The Wet Tropics is home to a range of wetlands, from towering paperbark (melaleuca) swamps and scrubby whipstick melaleuca swamps to wet sedgelands and grasslands. The different wetland vegetation types are often found as complex mosaic mixed with some drier vegetation types on coastal swales or poor soils.

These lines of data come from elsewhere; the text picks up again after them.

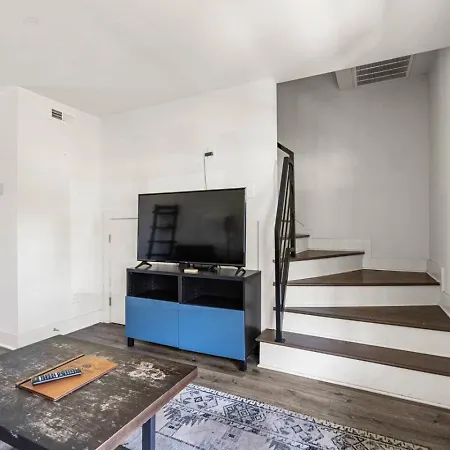 Sleek 2br Townhouse, Stones Throw To Uptown * Charlotte
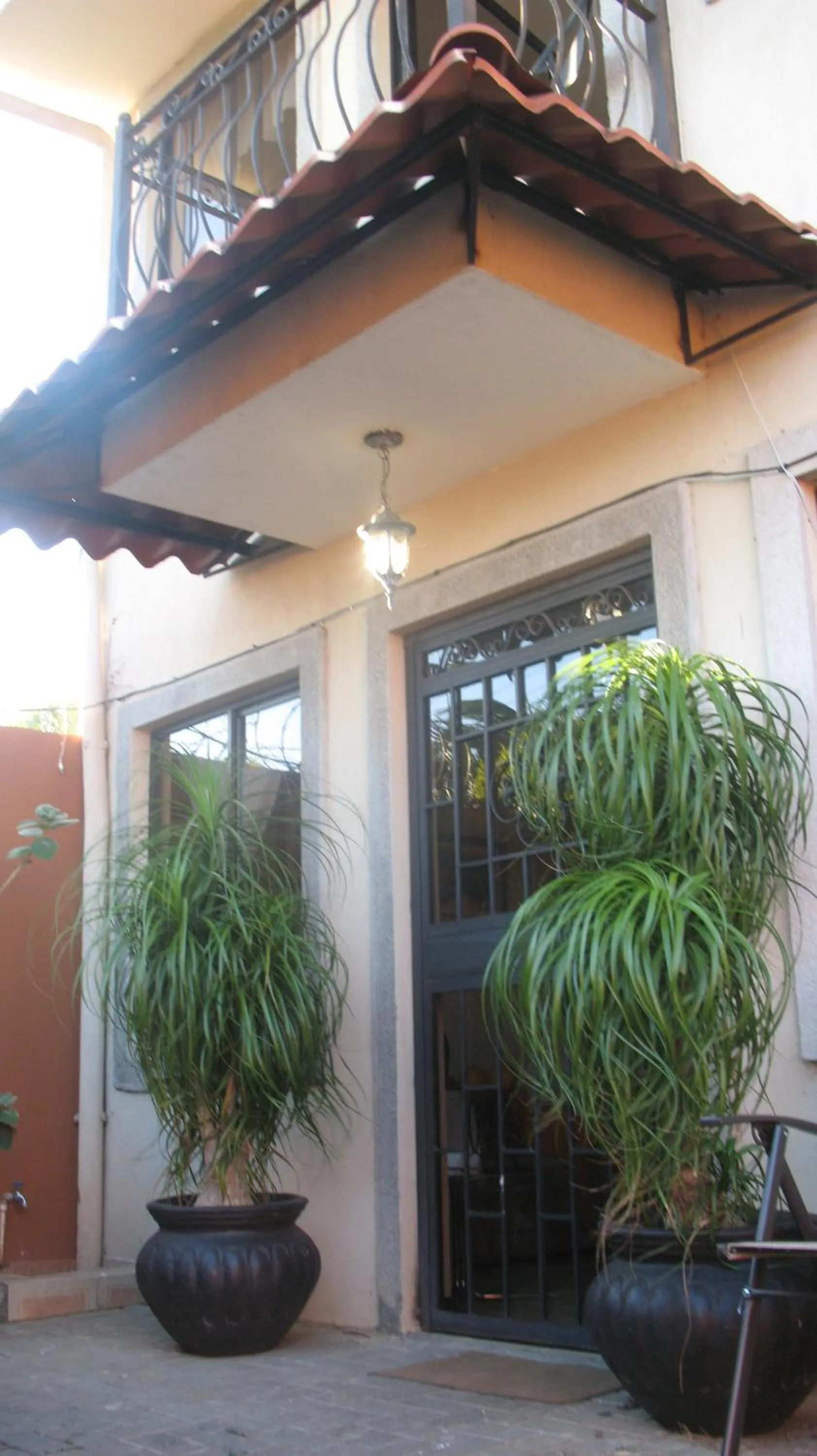 Facade/entrance in Hotel Santa Maria Inn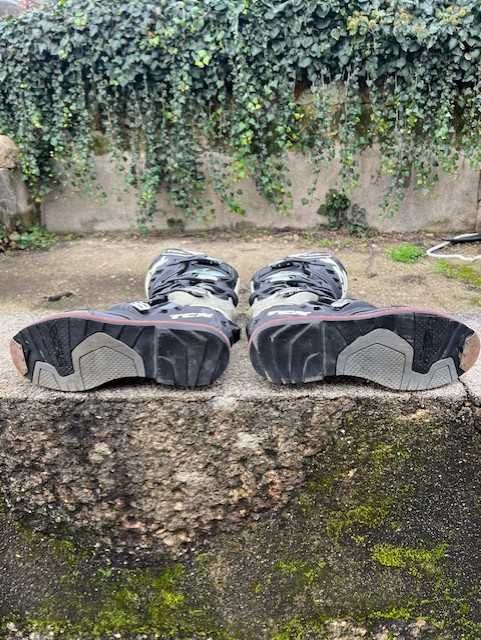 Botas TCX Pro mais equipamento Fox para enduro ou motocross.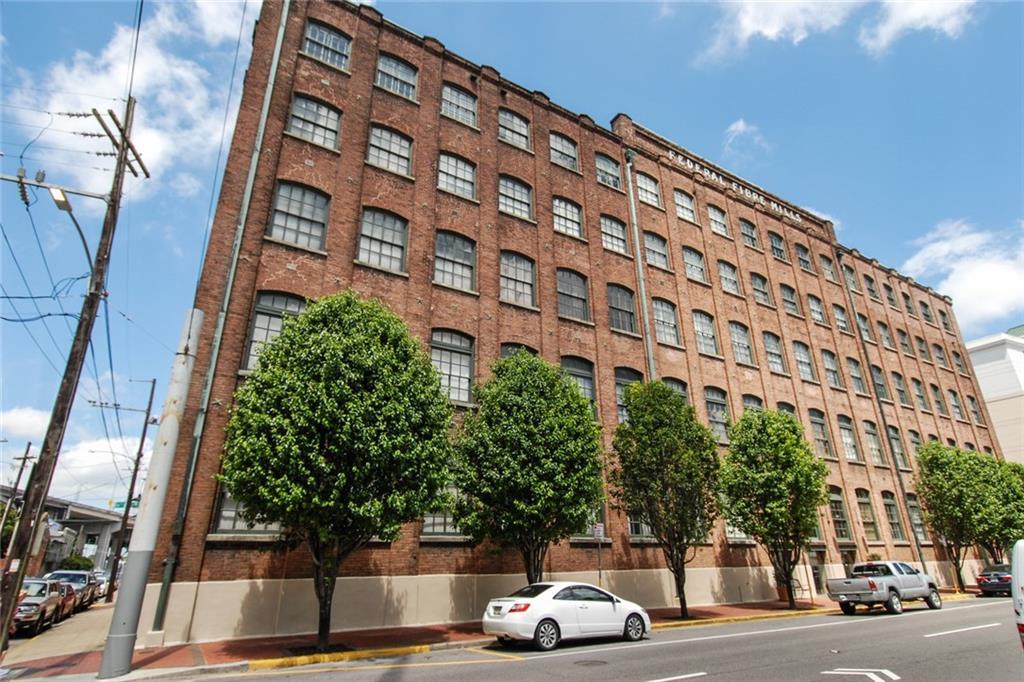 1107 Peters Street - Photo 1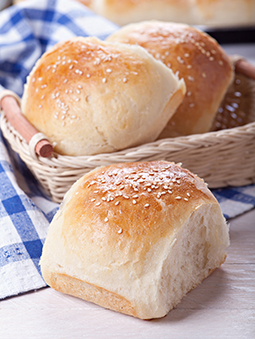 White organic flour dinner rolls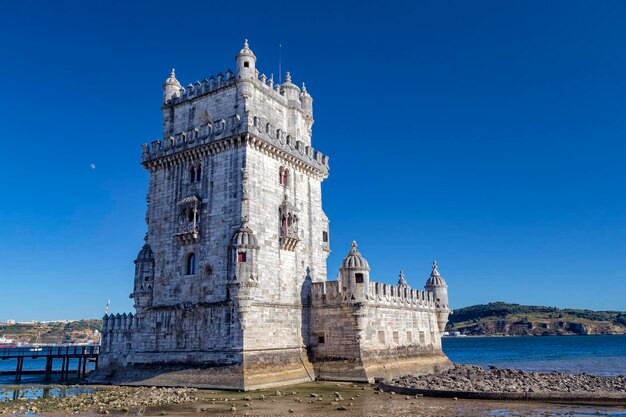 Vista do edifício histórico contra o céu azul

Melaleuca forests range from tall open forests to sparse shrublands. Melaleucas are the dominant tree species in poorly drained lowland coastal areas where the water table is near or above ground level for most of the year. They usually occur as components of vegetation mosaics reflecting specific habitats. These include Melaleuca leucodendra and Melaleuca dealbata complexes in freshwater and brackish swales in old beach ridge systems, Melaleuca quinquenervia forests in freshwater swamps, and Melaleuca viridiflora on low nutrient soils with impeded drainage and seasonally waterlogged. Drainage and clearing of coastal swamps, often for sugar cane, has threatened some melaleuca communities (see Melaleuca viridiflora communities listed as threatened).
The most extensive remaining forests are on poorly drained alluvial flats on the coastal plain south of Cardwell. Swamp forests formed by alliances of Melaleuca quinquenervia, Melaleuca cajuputi, Melaleuca leucadendra and Melaleuca dealbata are relatively extensive on the very wet portions of the coastal plain from Ingham northwards to Cape Tribulation. A rare highland example of Melaleuca quinquenervia swampland is also found in the Koombooloomba area.
Depending on soils, drainage, fire regimes and water flows, sedges and grasses may dominate wetland areas. Sedgelands are found on coastal lowlands between Gordonvale and Cardwell.